Sarcopenia in non-small cell lung cancer patients underwent pulmonary surgery: clinical outcome and cost effectiveness

Luca Frasca, Filippo Carannante, Filippo Longo, Valentina Marziali, Pierfilippo Crucitti


Background: Lung cancer is the leading cause of cancer death in several countries. Surgical resection is a potentially curative treatment for non-small cell lung cancer (NSCLC), but tumor-specific factors and patient physical factors are important for postoperative prognosis. We conducted a retrospective study to investigate the link between sarcopenia and postoperative outcomes of surgical resected lung cancer patients, using preoperative CT for lung cancer staging.
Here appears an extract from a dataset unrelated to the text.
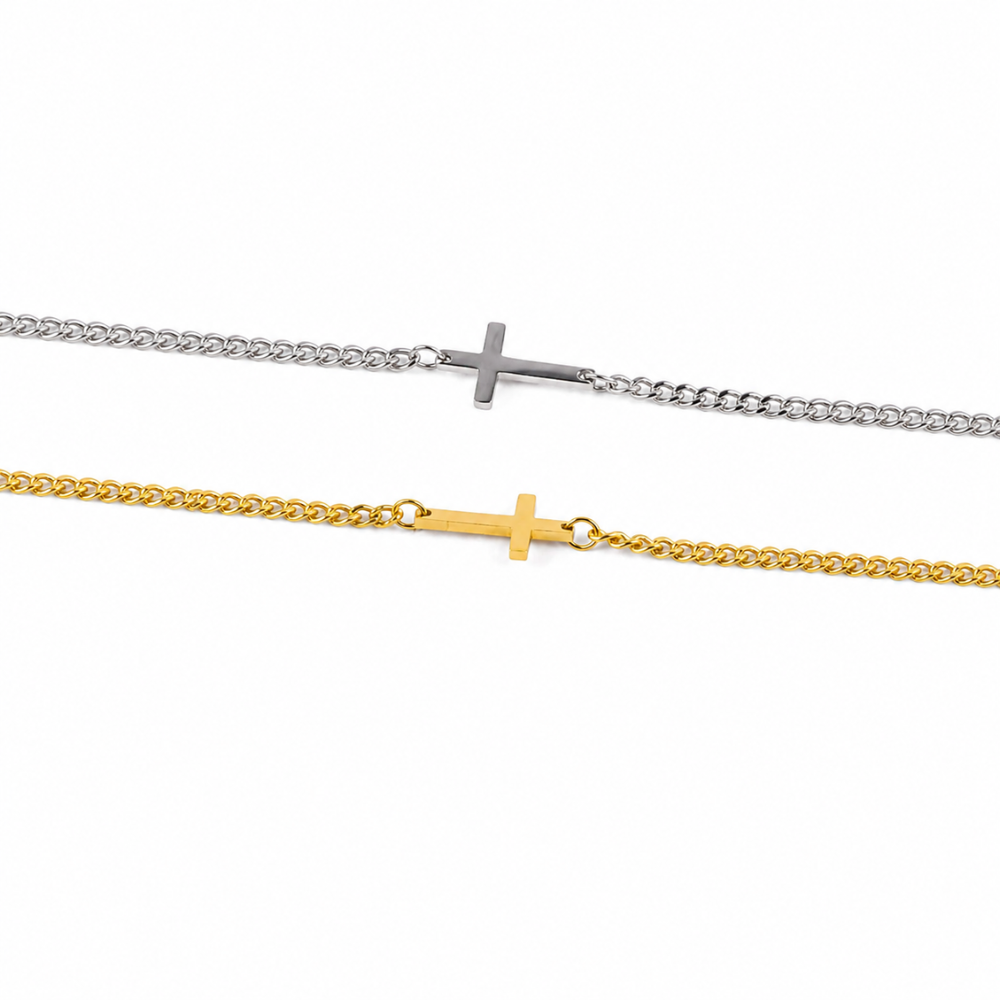The Narrow Way Bracelet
We also took in consideration the impact of sarcopenia on the national health cost and five years overall survival rate.
Methods: Patients affected by NSCLC, stage I–IIIa, undergoing radical surgery with a mediastinal lymphadenectomy, were enrolled. Forty-two patients were considered suitable for the study, according to the inclusion and exclusion criteria. Among them, 28 were male and 14 female with average age of 72 years. The identification of Sarcopenia status was reached with the use of computed tomography (CT), with two slices at the level of the third lumbar level (L3), allowing the measure of the cross-sectional area from L3 to the iliac crest, expressed in cm2. We identified sarcopenic and non-sarcopenic patients, using the Sarcopenia Index.
Results: Of the 42 patients suitable for the study, 13 were sarcopenic (31%) and 29 were non-sarcopenic (69%). Days of hospitalizations are 10 days in sarcopenic patients and 8.5 days in non-sarcopenic patients. Duration of permanence of the thoracic drainage is 7 days in sarcopenic patients and 5 days in non-sarcopenic patients. This is related with increased healthcare costs for sarcopenic patients (statistically significant: P<0.0037). The five-year survival rate was 57% in patients with sarcopenia and 88% in those without (P<0.002).
Conclusions: Our study demonstrates the impact of sarcopenia in different ambits, from the clinical outcomes to the health expenditure. Preventing the insurgence of sarcopenia is essential to improve the postoperative outcomes, and for the Health System, to reduce healthcare-related costs.